I have a 6 gallon acrylic tank (Eclipse) and I really like it... I am considering getting a 20 gallon and am looking at the SeaClear acrylic tank and the Eclipse hood with light and filtering will fit on it... I read in their ad that the acrylic is 17 times stronger than the glass. Also, there are no seams in the acrylic and acrylic is much lighter.

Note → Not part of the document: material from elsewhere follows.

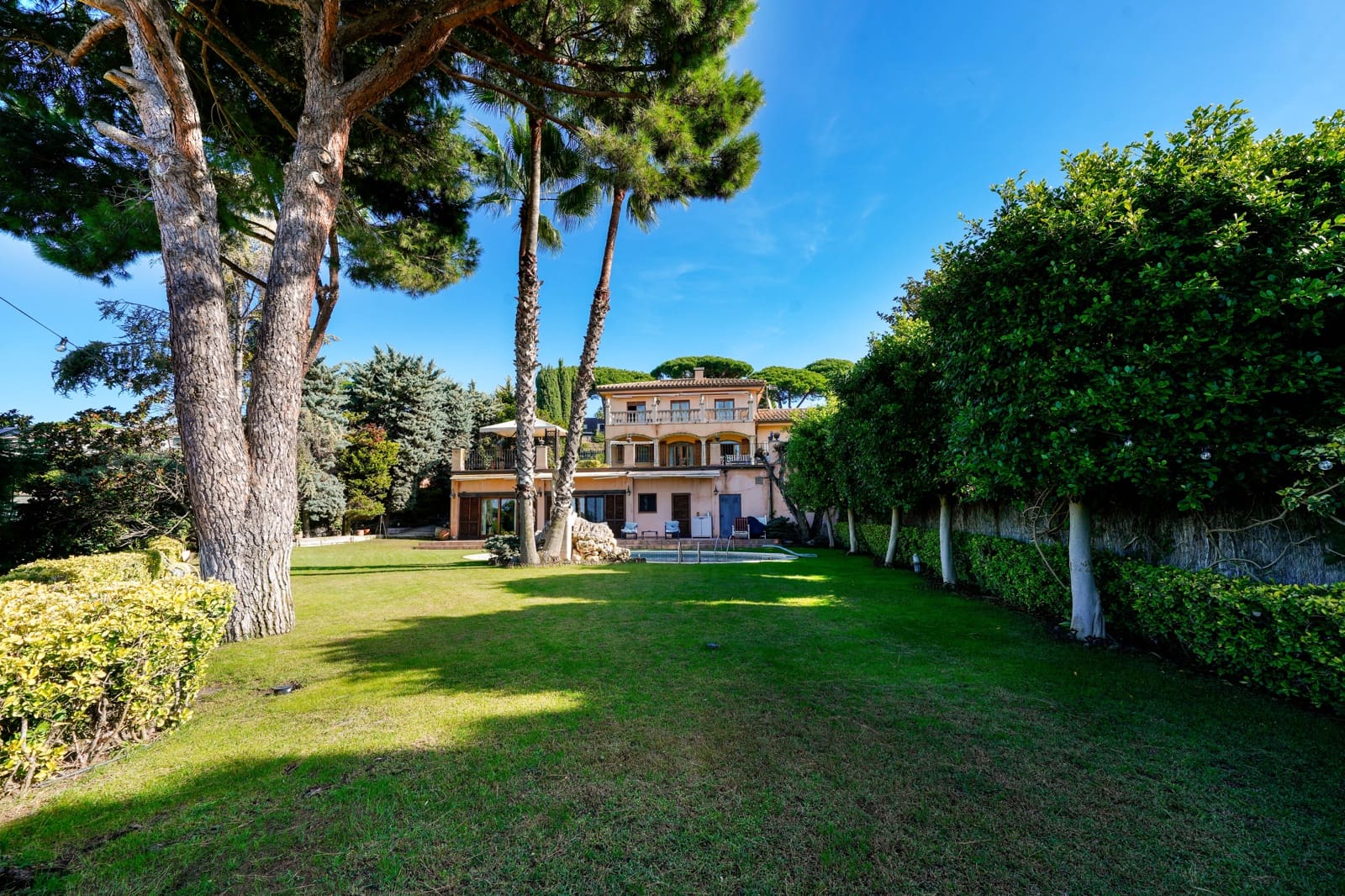 6 slaapkamer Villa te koop in Caldes d'Estrac met zwembad garage - € 1.550.000 (Ref: 9325402)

So... what are the benefits to having glass instead of acrylic?


----------



## fishboy (Feb 26, 2005)

Glass is cheaper, period in my mind if you're willing to pay for acrylic do it


----------



## CroW (Sep 5, 2005)

Acrylic is lighter, stronger, has better insulating properties, and transmits more light. Meaning you can see through it more clearly.
The only down side I see is that acrylic does scratch easier, but that can be dealt with.
Glass tanks are cheaper more readily available.
Assuming you have the bit of extra $$, get acrylic.


----------



## seraph (Oct 23, 2005)

Thanks... I'll be staying with the acrylic then... I just wanted to make sure I was making the right decision.


----------



## Ethos (Sep 11, 2005)

Actually, acrylic tanks are only worth their moneys' worth if its 60+. 
A 20G glass and a 20G acrylic will only have a 10-20 pound difference, but it'll cost alot more. 
I'd go for glass, since its cheaper and more readily available.
Acrylic is more expansive and really is only any good when you have a very large tank. 
It scratches very easily, and large scratches DO NOT come out.


----------



## Damon (Jan 18, 2005)

You can get different shapes with acrylic. Besides the weight, thats the big selling point of acrylic.


----------



## fishboy (Feb 26, 2005)

it's very durable as well, not that you'll be cutting it but my friend does it all the time


----------



## Fishfirst (Jan 24, 2005)

acryllic has its downsides... scratches is a big one... for that reason alone I won't get an acryllic tank... I've seen people accidentally scratch acryllic WAY too easy to make it a constant burden on the tank. Save the dough and get a little bigger tank with the saved money.


----------



## cucci67 (Aug 3, 2005)

You can get a 29 gallon glass kit for about the price of a 20 gallon acrylic kit.


----------